A startled Lady Tuna wondered. Out of the shadows & smoke emerged Chaknee with a laser rifle,and a
detonation device...

"Chaknee? What the fuck are you doing?"

"Stopping you from making a big boo boo! For the sake of Tunakia,you must power down,and surrender
to Coo Coo Command!"
"And if I refuse,Chaknee?"

"Then you leave me no choice,but to destroy the Tuna Star,and everyone on it,including myself!"

"Is that so?"

"Yes,yes it is!"

"Uh,huh."

Lady Tuna pulled out her laser pistol,and pointed it at Chaknee...

"I don't think you have the balls to do such a thing,Chaknee! Tee,hee,hee!"

Chaknee blasted one of the control panels,releasing the Pelican from the tractor beam.He then
pointed the rifle at Lady Tuna,and burned off one of her hair puffs...

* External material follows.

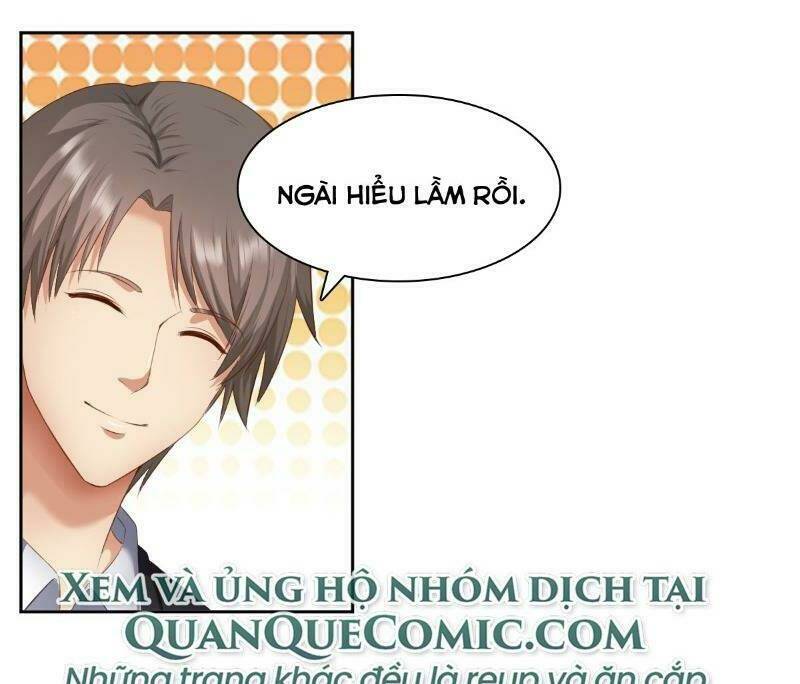 Tuyệt Thế Thiên Tài Hệ Thống: Chapter 56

"Oh,you fuckin little bastard!"

Lady Tuna shouted.She started shooting at Chaknee who ran up the metal stairs to the gridded
catwalks above the bridge...

"Come down here,and give me that fuckin' detonator,Chaknee!"

"Never! You evil slut!"

Chaknee went over to one of the computer systems,and released the captive Bee Bees. He was unaware
that Lady Tuna had a clear shot of him from below.She squeezed the trigger,and zapped Chaknee in the back...

"OOOOOH!!!!"

Chaknee screamed as he fell onto the catwalk...

"You stupid Queer Bitch! See watcha made me do?!"

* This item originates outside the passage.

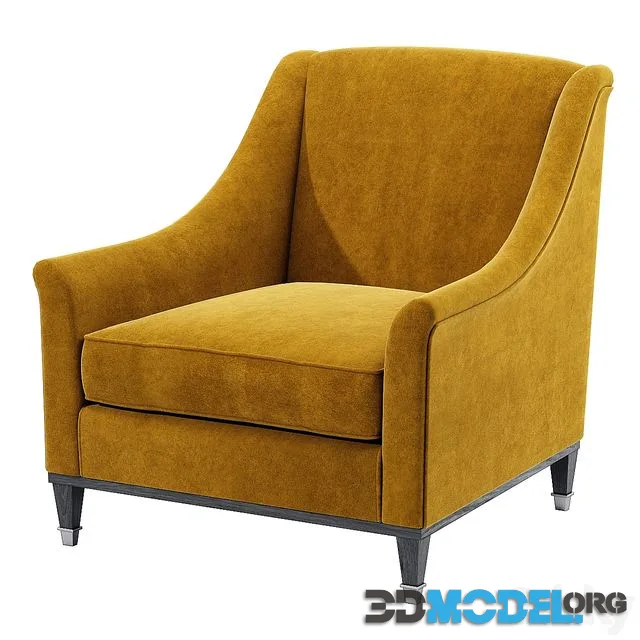 Club Armchair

Lady Tuna shouted at her dying servant.She was about to climb the stairs to get the detonator when
the bridge was overtaken by thousands of angry,vengeful Bee Bees attacking her crew...

"Get the fuck away from me!"

Lady Tuna screamed as she blasted away the Bee Bees. There were far too many for her to kill,and
they got ahold of her.The Bee Bees were all over Lady Tuna,beating,biting,kicking,scratching,grabbing,and pulling at her like
little maniacs...
"Get off me you little fuckers! AAAAH!!!"

Under his dying breath,Chaknee pushed the red button on the detonator,and destroyed the Tuna Star
in a explosion of confetti,glitter,and multi colored marshmellow puffs. Lady Tuna,and her reign of terror & sex were dead.
All the Coo Coo,Cumbus,Clausins cheered as the remainder of the Tunakian Boo Boos withdrew,and headed back to Tunakia...

"Eh,oh goody! Lady Tuna is dead!" Mr.Beaner shouted in bliss.A Boo Boo made out of pink transparent
meaties materialized out of nowhere. It was Princess Coo Coo's personal luxury Boo Boo. She sent out a broadcast to all the
starships...
"HELLO,THIS IS PRINCESS COO COO.I WANT TO THANK ALL OF YOU FOR YOUR HARD WORK & SACRIFICE FOR
TAKING OUT THAT PSYCHOTIC WHORE LADY TUNA.NOW WITH HER DEATH BEHIND US,WE CAN MOVE AHEAD WITH OUR COO COO LIVES OF BLISS &
GLEE."
More cheers & applause followed after everyone received Princess Coo Coo's message.
On the Fortrexa,Captain Flablicker sighed,and patted the sweat off her chest.On the Pelican,Herbert resumed eating his
pudding,as Mr.Beaner was doing flips & somersaults in the background,and Princess Coo Coo & 2T2 snuggled inside a heart
shaped cut out. At last Funkoo was at peace.